Мы зашли в светлое просторное фойе с черно-белым полом, даже не так — огромной шахматной доской, стилизованной, мало того, служащие в гардеробе тоже обряжены шахматными фигурами. И я с полупрофессиональным интересом, нисколько не стесняясь, изучала лаконично-дорогой, до последнего элемента продуманный интерьер, по привычке сравнивая с заведениями того же уровня на родине, и незаметно разглядывала посетителей. Все-таки мама работает в не менее солидном ресторане, куда ходят большей частью обеспеченные люди. Вот и я невольно проявляла любопытство к богатым серым гостям.
— Егор Михайлович, какой приятный сюрприз, давно тебя в подобных местах не встречал, все по делам, да на Совете… — услышала я тягуче-густой баритон, едва отдав курку гардеробщице.
Обернулась и увидела перед собой троих оборотней. Хорошо одетых, респектабельных жителей Нижнего города. Я незаметно вдохнула поглубже — запах псины; волки, если мне не изменяет чутье. Седовласый господин — значит, уже очень старый — сдержанно, но искренне улыбался Хмурому. Рядом с ним стояла примерно такого же возраста дама с королевской осанкой. Ее по сыновьи за плечи обнимал мужчина на вид лет тридцати-сорока. В черной шевелюре которого не заметно ни одного седого волоска, а темные глаза этого хищника при взгляде на нас неприязненно сверкнули. Его эмоции только подтвердили: он чем-то недоволен.
Благородное серое семейство бегло, видимо следуя этикету, но внимательно осмотрело меня с головы до ног. И черное классическое приталенное платье с белым воротничком и длиной до колена их почему-то удивило, о чем я по глазам да эмоциям догадалась, а не по выражению лиц, абсолютно не изменившихся.
— Приветствую вас, Сергей Петрович, Анна Гавриловна… Артур, — бесстрастно произнес Хмурый. — Мы решили отвлечься от работы.
Анна Гавриловна и Артур, надо полагать, Сергеевич любезно кивнули.
— Да-да, твое дело молодое, Егор Михайлович, нужно отдыхать, расслабляться… — весело согласился старый оборотень. Затем, еще приблизившись к Егору и встав ко мне в пол-оборота спиной, негромко добавил: — Мне надо переговорить с тобой до следующего Совета.

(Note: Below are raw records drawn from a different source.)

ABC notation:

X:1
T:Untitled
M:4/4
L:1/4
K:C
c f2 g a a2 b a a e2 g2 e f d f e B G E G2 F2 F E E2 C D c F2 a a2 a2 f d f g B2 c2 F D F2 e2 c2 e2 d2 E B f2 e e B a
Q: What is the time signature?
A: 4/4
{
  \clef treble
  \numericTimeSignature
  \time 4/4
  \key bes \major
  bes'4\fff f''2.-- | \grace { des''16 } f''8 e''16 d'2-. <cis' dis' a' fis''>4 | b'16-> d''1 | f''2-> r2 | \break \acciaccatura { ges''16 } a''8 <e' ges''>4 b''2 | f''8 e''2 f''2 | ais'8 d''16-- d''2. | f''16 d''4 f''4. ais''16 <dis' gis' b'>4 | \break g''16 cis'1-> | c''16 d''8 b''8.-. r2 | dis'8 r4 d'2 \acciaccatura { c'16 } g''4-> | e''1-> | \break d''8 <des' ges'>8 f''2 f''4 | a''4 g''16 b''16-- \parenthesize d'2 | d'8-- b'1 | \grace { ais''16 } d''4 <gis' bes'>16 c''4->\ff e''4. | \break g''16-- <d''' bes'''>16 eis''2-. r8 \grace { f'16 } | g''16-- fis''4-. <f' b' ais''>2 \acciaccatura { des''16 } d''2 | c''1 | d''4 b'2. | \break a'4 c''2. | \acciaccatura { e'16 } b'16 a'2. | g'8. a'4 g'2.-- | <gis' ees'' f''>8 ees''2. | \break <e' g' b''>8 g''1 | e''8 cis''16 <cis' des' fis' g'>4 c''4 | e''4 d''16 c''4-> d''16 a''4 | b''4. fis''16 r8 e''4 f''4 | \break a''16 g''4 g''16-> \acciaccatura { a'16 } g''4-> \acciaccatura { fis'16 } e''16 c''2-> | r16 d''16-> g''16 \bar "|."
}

Есть вопросы, требующие отдельного внимания.
Меня задело, что я удостоилась лишь его оценивающего взгляда, а затем словно перестала существовать. Да еще и широкая волчья спина перед носом взбесила — как минимум невежливый жест. Хмурый секунду-другую помедлил, слушая Сергея Петровича, затем взглянул на меня. Не знаю, что его подвигло на следующие действия, может, почувствовал или почуял неладное, но он будто встряхнулся внутренне, сделал шаг назад, отодвигая меня от своего собеседника, и извинился:
— Простите мою оплошность и невнимательность, знакомьтесь… — я ощутила его мимолетное напряжение, перед тем как он представил меня. — …моя подруга — Ксения Зацепина.
Казалось бы, банальная фраза, которая в моем бывшем мире могла означать что угодно, но в этом, Сумеречном, семейство волков подобралось, три пары темных глаз сверкнули неподдельным интересом, а губы растянулись в официальных улыбках.
Пожилой господин, склонив голову набок, хмыкнул, разглядывая меня уже не как предмет интерьера или бесплатное приложение. Волки не таясь потянули носами, знакомясь с моим запахом, и после их взгляды стали еще более внимательными, цепкими, неприятными.
— Рад за тебя, Егор Михайлович. Давно пора подумать о будущем и…
Хмурый поспешил прервать собеседника:
— Извините, но моя спутница голодна…
Я едва не скрипнула зубами: «Вот не надо сваливать свою головную боль, на мою голову, пока здоровую».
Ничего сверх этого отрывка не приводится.